As for proof I answered you with a question, a question you have ignored and chosen not to answer. You believe there is nothing of systemd in the kernel, Lisi supports you, I don't and I support my claim with the fact that Linus banned KS from uploading anything to the kernel because of the systemd bug (which highlighted a bug in the kernel). If systemd is totally divorced from the kernel Linus, and other kernel developers, had absolutely no right whatsoever to demand KS fix what they consider to be a bug in something that is not under their control or in their kernel. They could have, and probably should have, let the bug remain and this would have forced all distros to revert back to an older init system. There is no justification at all for the heated argument in April over systemd calling the kernel log if systemd is totally divorced from the kernel.

On 18 September 2014 23:36, David Hare <davidahare@gmail.com> wrote:
On 18/09/14 07:56, Slávek Banko wrote:

All this support is handled entirely via dbus calls - without linking systemd
libraries. Thanks to this integration with systemd is used, only if systemd
is installed.

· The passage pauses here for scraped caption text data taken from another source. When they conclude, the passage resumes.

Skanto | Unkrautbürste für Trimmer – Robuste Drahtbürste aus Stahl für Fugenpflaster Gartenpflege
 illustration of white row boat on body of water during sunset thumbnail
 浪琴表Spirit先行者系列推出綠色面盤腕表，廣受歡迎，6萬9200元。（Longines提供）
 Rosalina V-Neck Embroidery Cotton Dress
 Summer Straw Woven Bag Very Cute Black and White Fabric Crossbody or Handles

The user will choose whether to install systemd or not.

We plans to use the same method to solve multi-seat support with systemd.
Overall, the intention is to be able to use systemd, where this is
appropriate, but not to be dependent on it.

Thanks Slávek.. that gives some hope (although we know TDE cannot influence upstream and mainstream)

Many are still unaware of the true nature of systemd and believe it is merely a replacement init system. This is direct from the "horse's mouth":

http://0pointer.net/blog/revisiting-how-we-put-together-linux-systems.html

Make up your own minds whether you want to support and use that without choice.. many good people, who have no inclination to emotional rant, already have.

http://igurublog.wordpress.com/

Others either accept it or (with increasing difficulty) try to find workarounds.